***** PROVIDED DATA

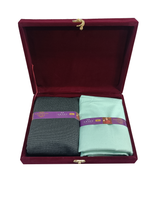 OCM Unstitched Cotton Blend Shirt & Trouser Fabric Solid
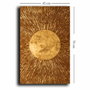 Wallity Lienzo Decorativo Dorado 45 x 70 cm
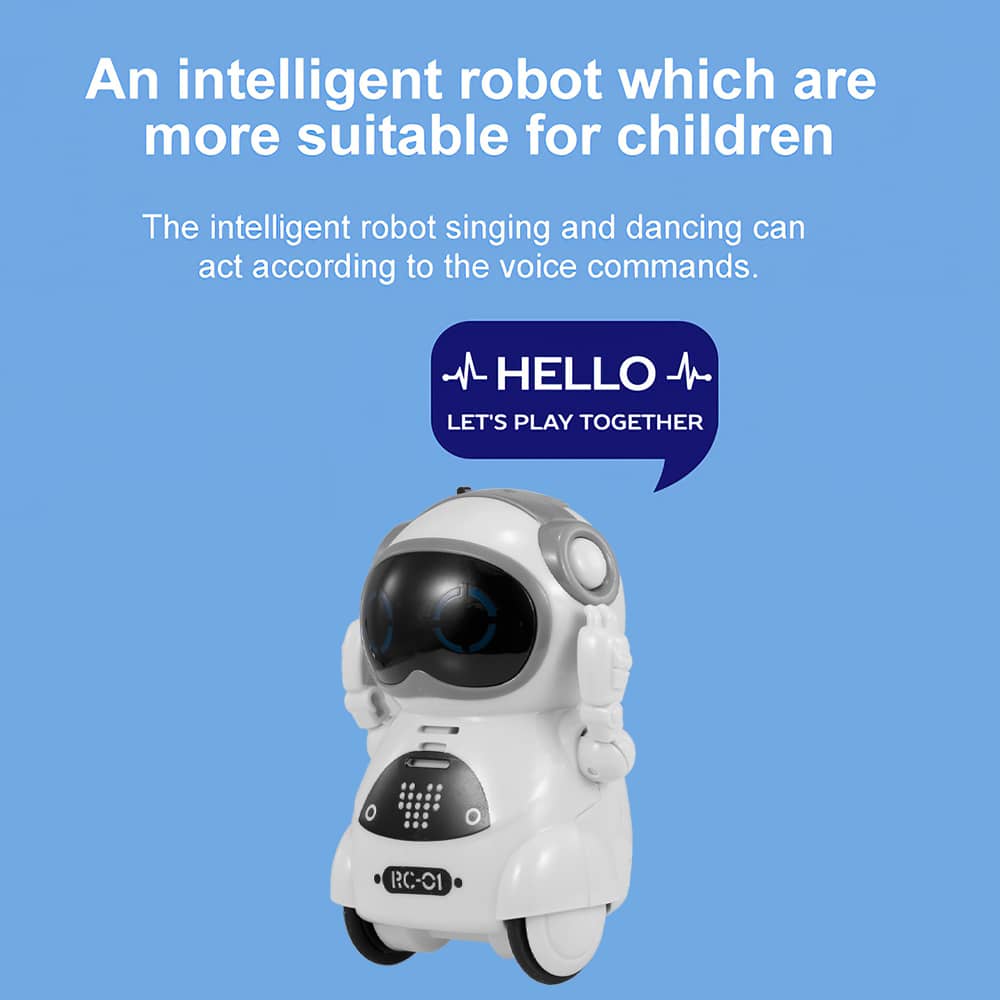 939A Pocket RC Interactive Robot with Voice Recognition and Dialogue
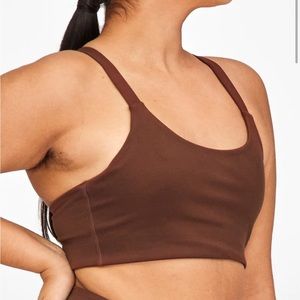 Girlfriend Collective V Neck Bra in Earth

**********
***** PROVIDED DATA

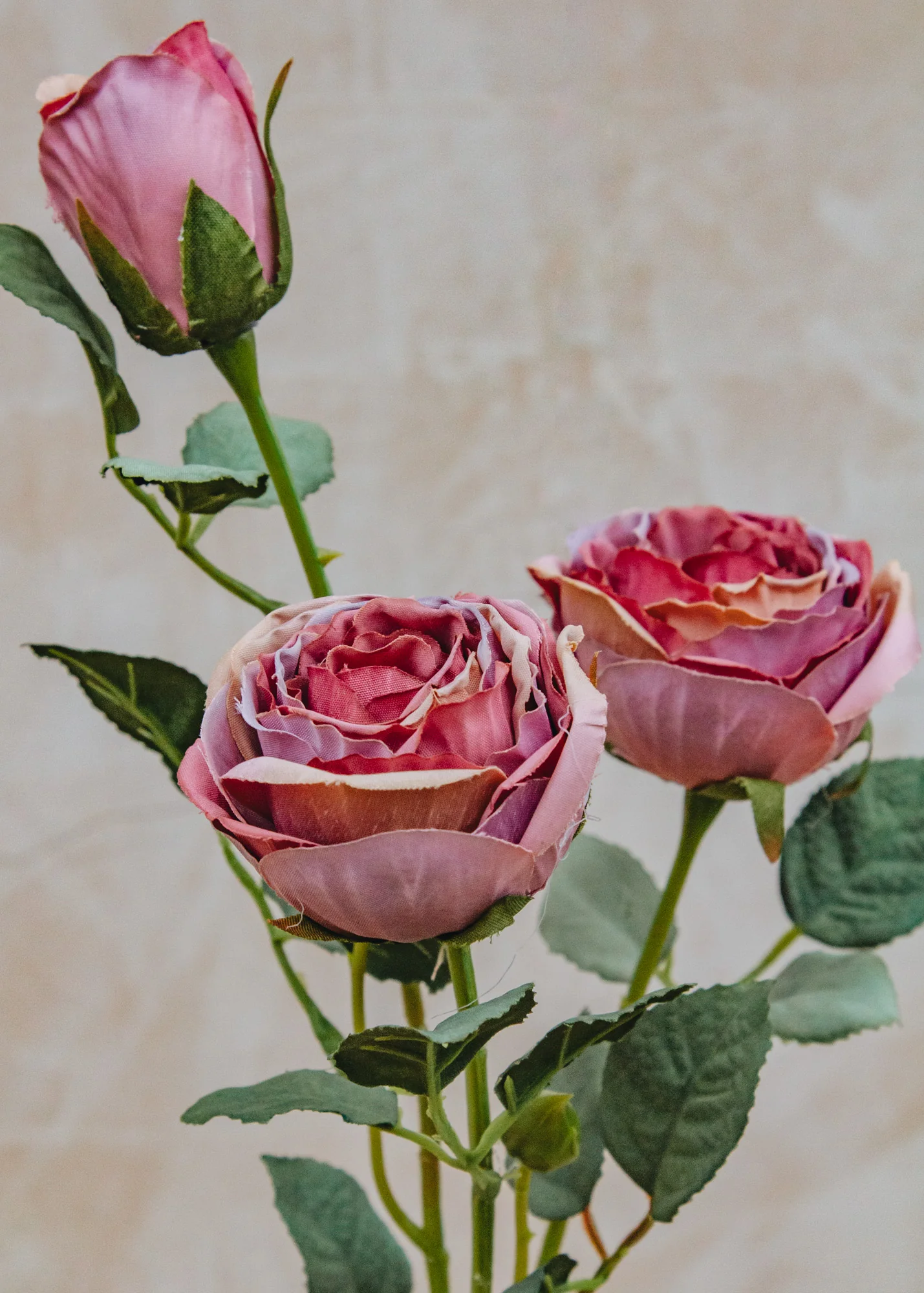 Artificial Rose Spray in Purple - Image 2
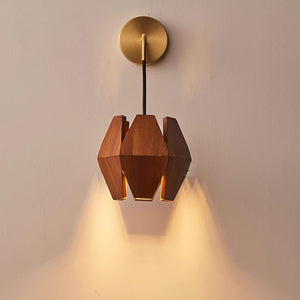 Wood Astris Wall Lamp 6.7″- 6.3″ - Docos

**********
***** PROVIDED DATA

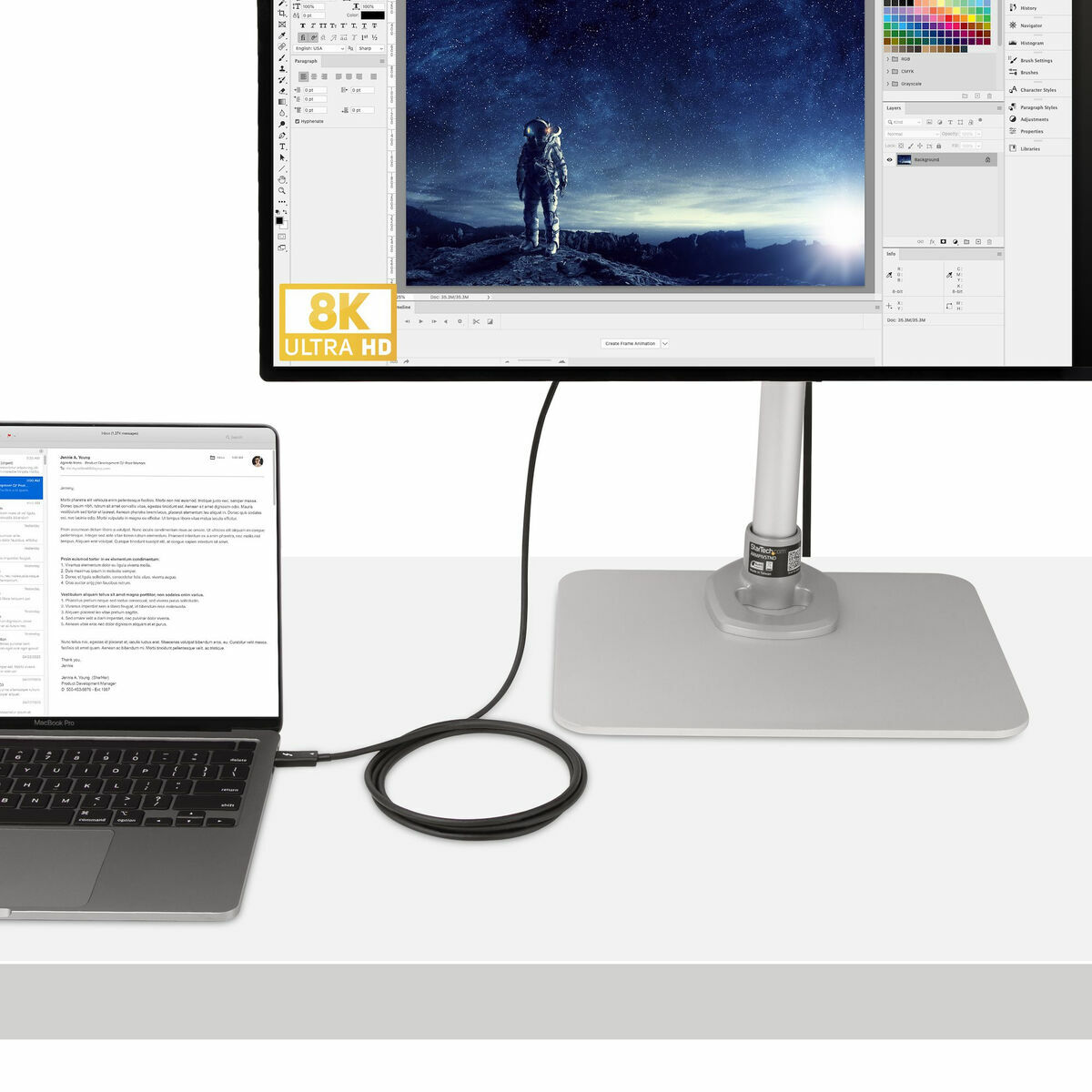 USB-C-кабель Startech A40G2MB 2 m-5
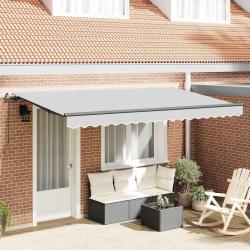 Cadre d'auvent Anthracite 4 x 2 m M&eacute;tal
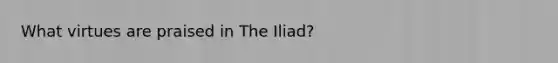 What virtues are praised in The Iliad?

**********

» **WHAT THIS TASK INVOLVES**: Only one stretch of the entries above is needed: the lines from the one containing "939A Pocket RC" through the one containing "Girlfriend Collective V Neck Bra in Earth". Copy it exactly, without the pictures.

» **TASK ANSWER**:
 939A Pocket RC Interactive Robot with Voice Recognition and Dialogue
 Girlfriend Collective V Neck Bra in Earth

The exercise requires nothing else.